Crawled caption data
• • •

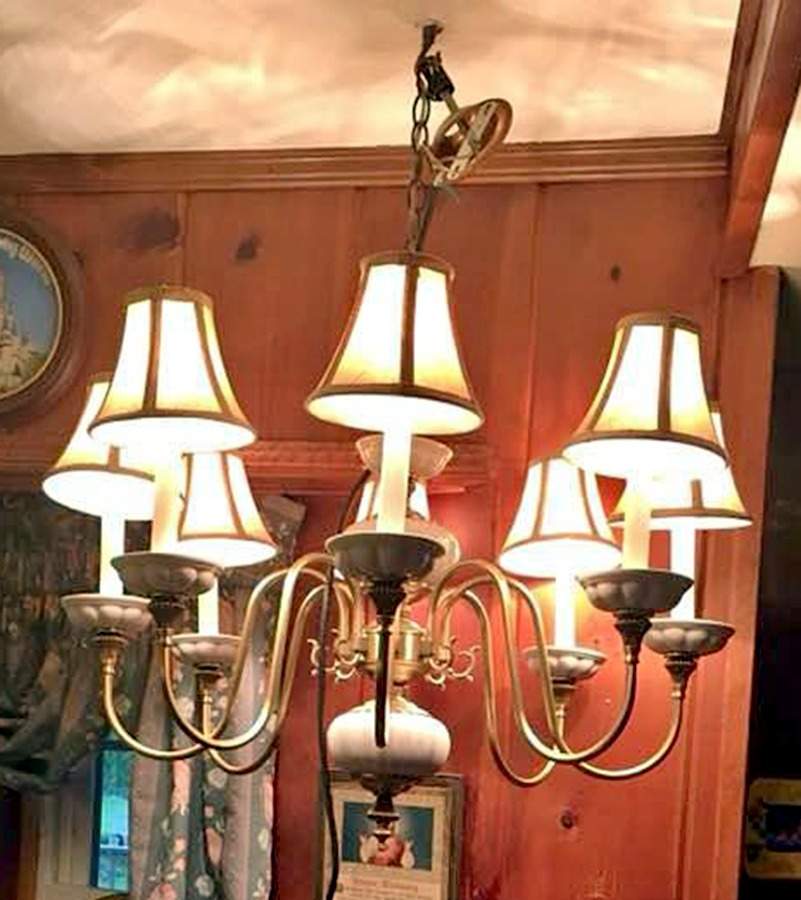 Renaissance 8 Light Chandelier by Lenox-1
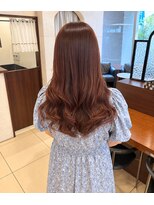 ファーレンピュアスウィート(fahren-pure-suite)&nbsp;ブリーチ無しピンク／白髪お悩み解消／朝霞市
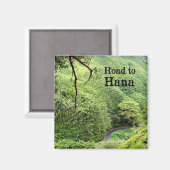 Maui Road to Hana Magnet (Recto/Verso)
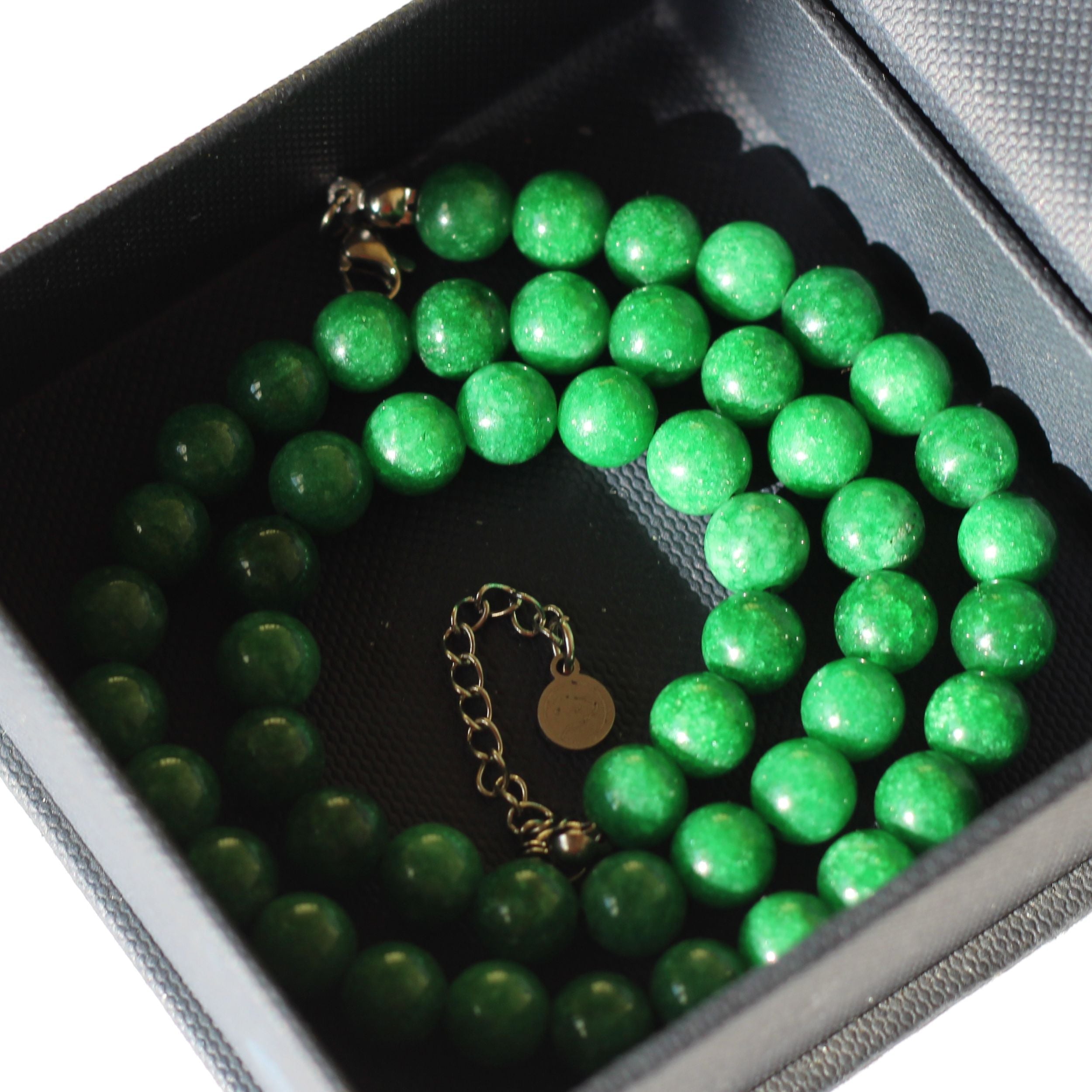 Serene Harmony Jade Necklace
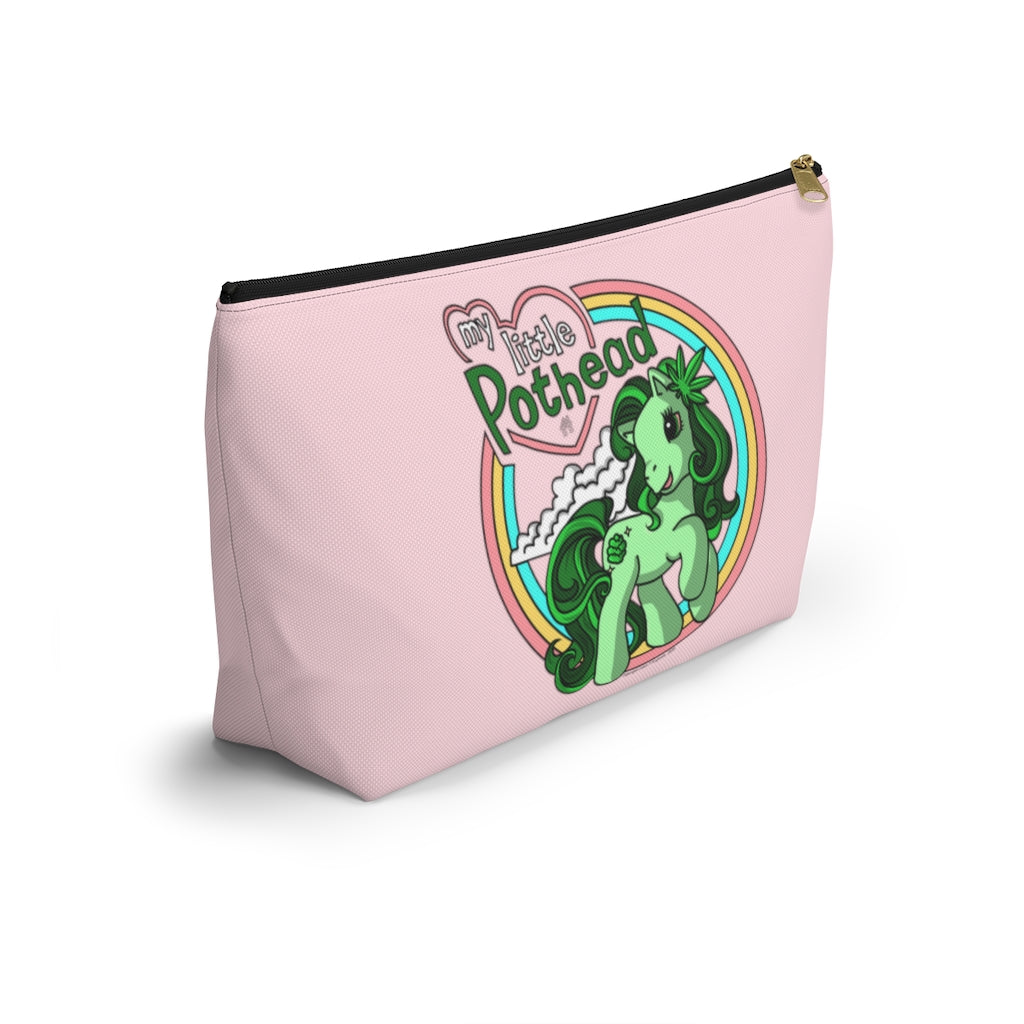Stoney Pony Zipper Pouch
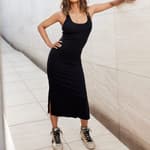 Halle Berry works out for Sweaty Betty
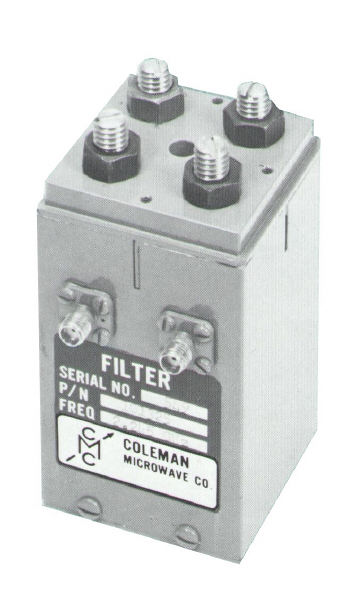 Individual Tuned Bandpass Filters
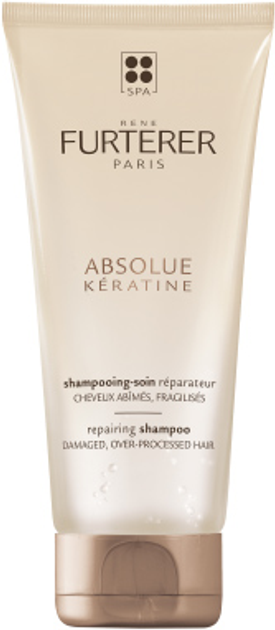 Bezsulfatowy szampon Rene Furterer Absolue Keratine do bardzo zniszczonych włosów 200 ml (3282770146998) - obraz 1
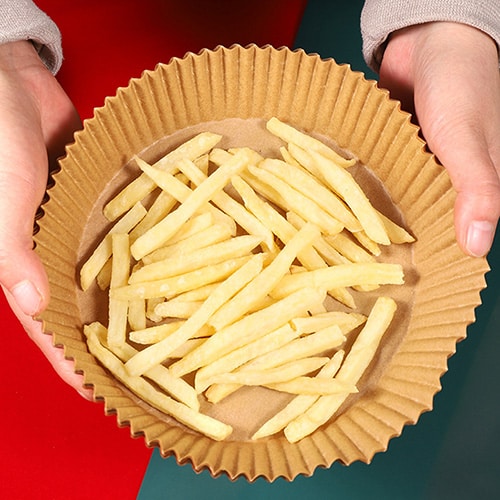 FODERA DI CARTA PER FRIGGITRICE AD ARIA (50 PEZZI)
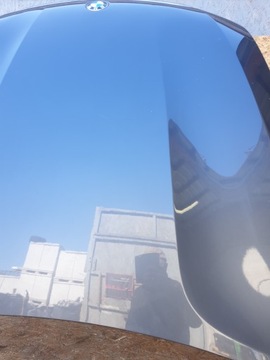 фото thumb №6, Bmw x5 e70 рестайлинг капот крышка двигателя неокрашенная лак a68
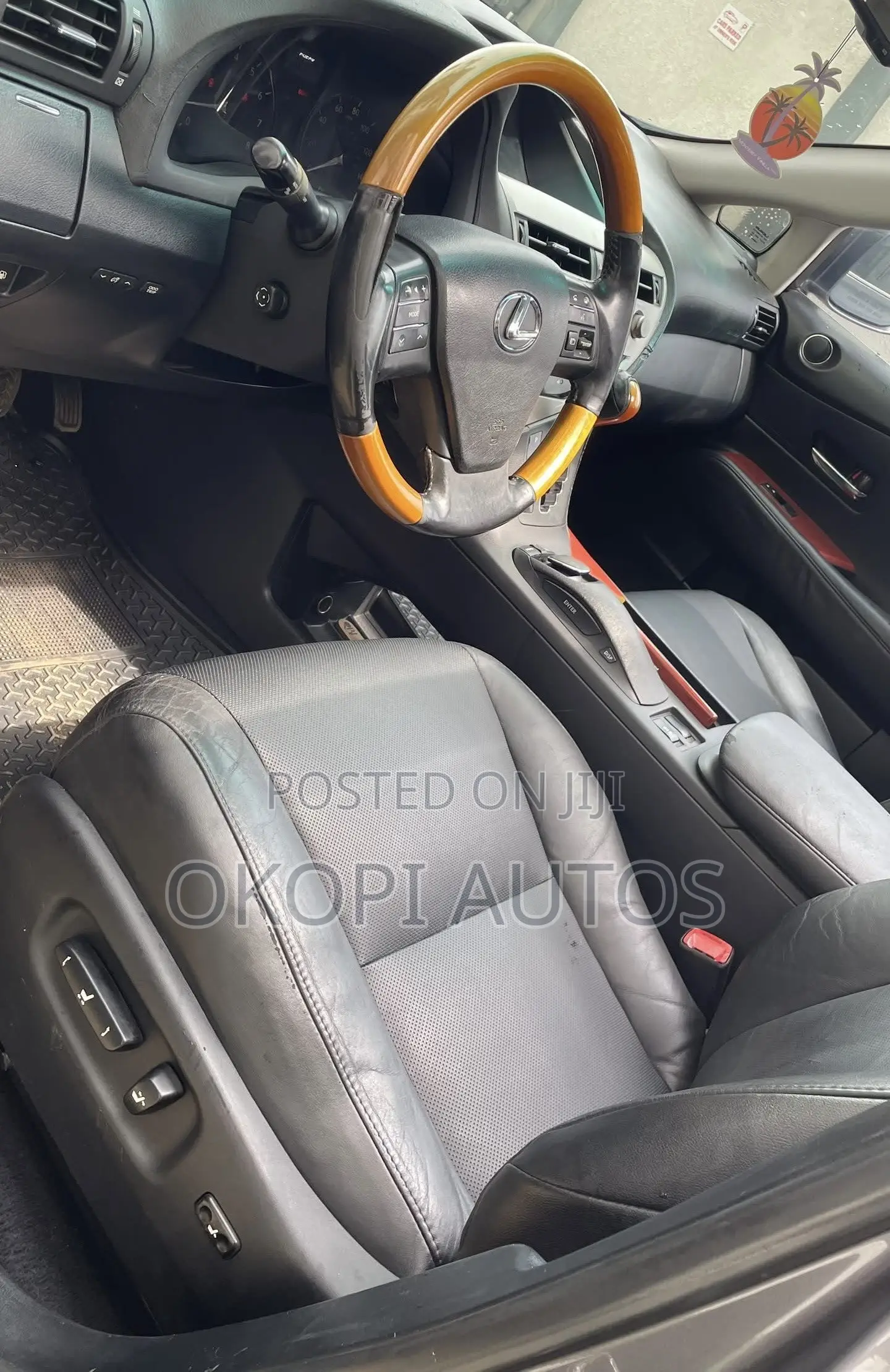 Lexus RX 2012 Gray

• • •

» **DESCRIPTION OF THE TASK**
Look above for the line containing "Maui Road to Hana Magnet (Recto/Verso)", then copy exactly from it through the line containing "Individual Tuned Bandpass Filters", keeping both and leaving out pictures. Add nothing else.

» **EXPECTED ANSWER**
 Maui Road to Hana Magnet (Recto/Verso)
 Serene Harmony Jade Necklace
Stoney Pony Zipper Pouch
 Halle Berry works out for Sweaty Betty
 Individual Tuned Bandpass Filters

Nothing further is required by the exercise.